Well, with the 30 day return policy I can understand your quandary. OTOH if you think going with the F6 is going to satisfy 'upgraditis', I'd say don't bet on it. There's always something else/ better/ new/ different to spend money on, and one thing you touched on is the importance of a good fitting bike.

You've experienced what riding ill fitting bike is like, so if your F75 suites your anatomy and intended purposes (and I suspect it does both), I still think there's an argument for keeping your bike for a couple of years, maybe upgrading the wheelset (and tires, if yours are low buck). New, lighter wheels will make your bike feel more responsive/ agile and high quality tires will add to your comfort (Conti GP4000's are excellent, IMHO), so you have some options.


----------



## baz69

thanks yes this was my other option keep the f75 as you say and look at upgrading wheels ,which wheels would be a good upgrade it comes with mavic cpx rims and i think felts own hubs and spokes it is a basic type training wheel,i have seen fulcrum 5, and easton aero 5, also mavic aksium not sure if these would be light enough


----------



## PJ352

baz69 said:


> thanks yes this was my other option keep the f75 as you say and look at upgrading wheels ,which wheels would be a good upgrade it comes with mavic cpx rims and i think felts own hubs and spokes it is a basic type training wheel,i have seen fulcrum 5, and easton aero 5, also mavic aksium not sure if these would be light enough


If you're contemplating a wheelset upgrade, consider things like total rider weight (you, the bike, etc.), your road conditions and style of riding (MTB'ers tend to ride 'lighter' than some dedicated roadies). 

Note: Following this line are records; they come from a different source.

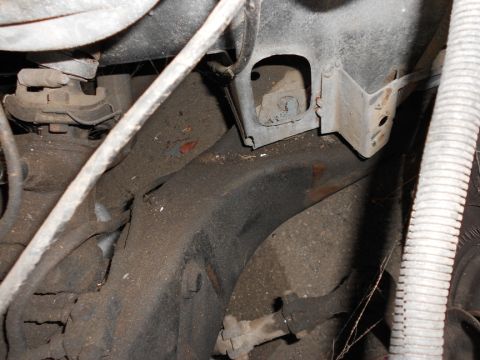 1965 Pontiac Catalina - A close-up view shows the underside of a vehicle's frame and suspension components, covered in dirt and grime.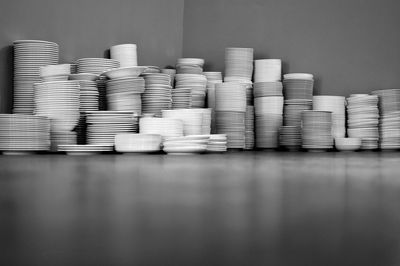 Stack of bowls and plates against wall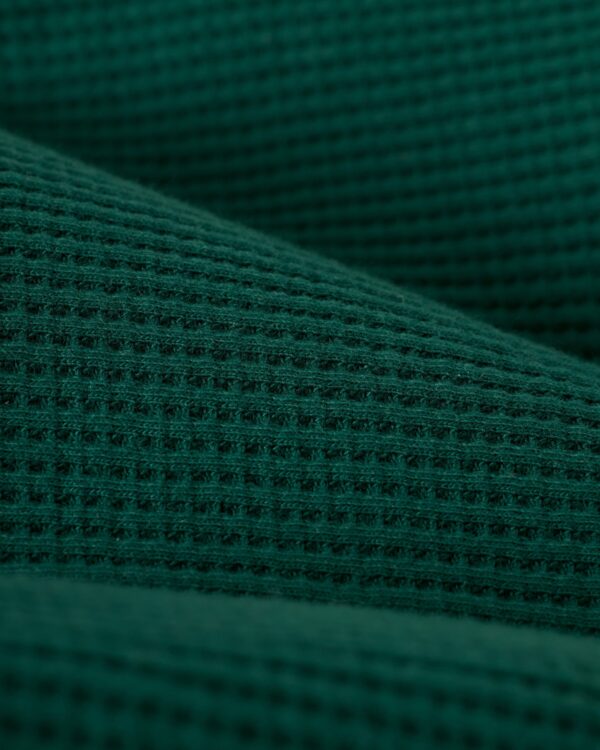 Close-up of The Cannes Waffle Knit Robe - Albero by Dandy Del Mar, highlighting its green waffle-textured pattern and texture.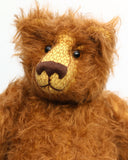 Garth is a very sweet and cuddly, artist teddy bear by Barbara Ann Bears in wonderful chocolate brown mohair, he stands 11 inches/28 cm tall and is 8.5 inches/21 cm sitting. Garth is made from a beautiful, slightly distressed brown German mohair with matching German wool-felt paw pads and small amber glass eyes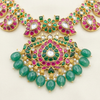 Close-up of kundan pendant with pink and green detailing and green bead drops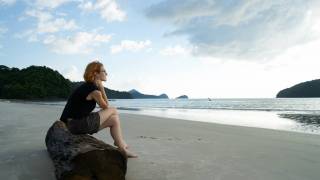woman sitting on rock near sea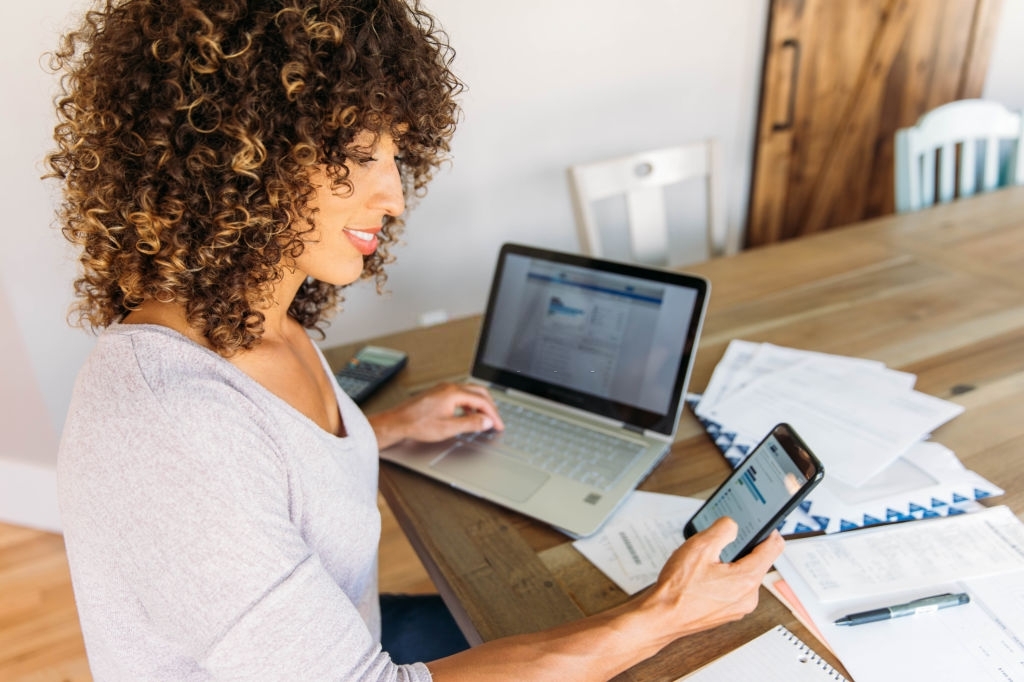 A woman sits with her laptop and financial reports doing her monthly budget. 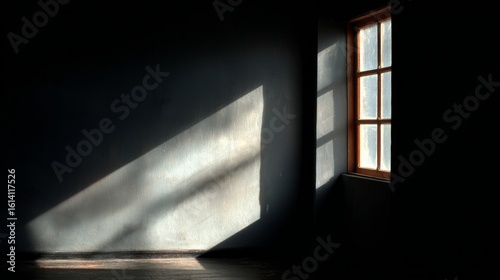 Shadow cast from a window falling across a dark gray interior wall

BWW (link below) has a buyers guide, a good rep and pretty nice wheelsets for the money, but there are other choices. Of the ones you mentioned, I have no firsthand experience with those specific Easton's, but their EA-70's (and up) are nice. IMO Fulcrum's are generally over priced and Aksium's wouldn't really be much of an upgrade.
Road - Road Wheel Buying Guide - Bicycle Wheel Warehouse


----------



## Mr. Clean

I've got a Z6, 2011 I believe, with the 105 group set. It's been a great platform. 100% good to go from day one, but the frame is awesome and of course the bike takes very well to upgrades. I've done crank, wheelset, levers, seat. The biggest difference was going from the CPX22/Vittoria 25 set to Easton EA90LTD rims and Krylion 23's. The Easton seem to be love or defective on the reviews but mine have been rock solid.
To me, carbon is better not only for performance but there's also the bling factor which is hard to resist.


----------



## mtnbkrboy

Hey ! Found an f6 just sitting in a bike shop as a coat hanger, been riding it all spring.. apex shifts quick steering is twichy , becarful wiping ur nose on a steep hill on a chilly spring morning..... Climbs like a mountain goat.. Lacks on the flats my old caad was or seemed to be faster... Or am I just getting older ???


----------



## Donn12

If you are thinking about carbon now do it while you can. If not that little voice will whisper to you periodically until you upgrade. If you go with carbon now it will be much less expense than doing it later. also if you can go with rival or 105 11speed that will be another big upgrade out of the way. you don't have to but I think that level of group set is the best bang for the $. you would be able to upgrade the wheels at that point and have a very very nice bike.


----------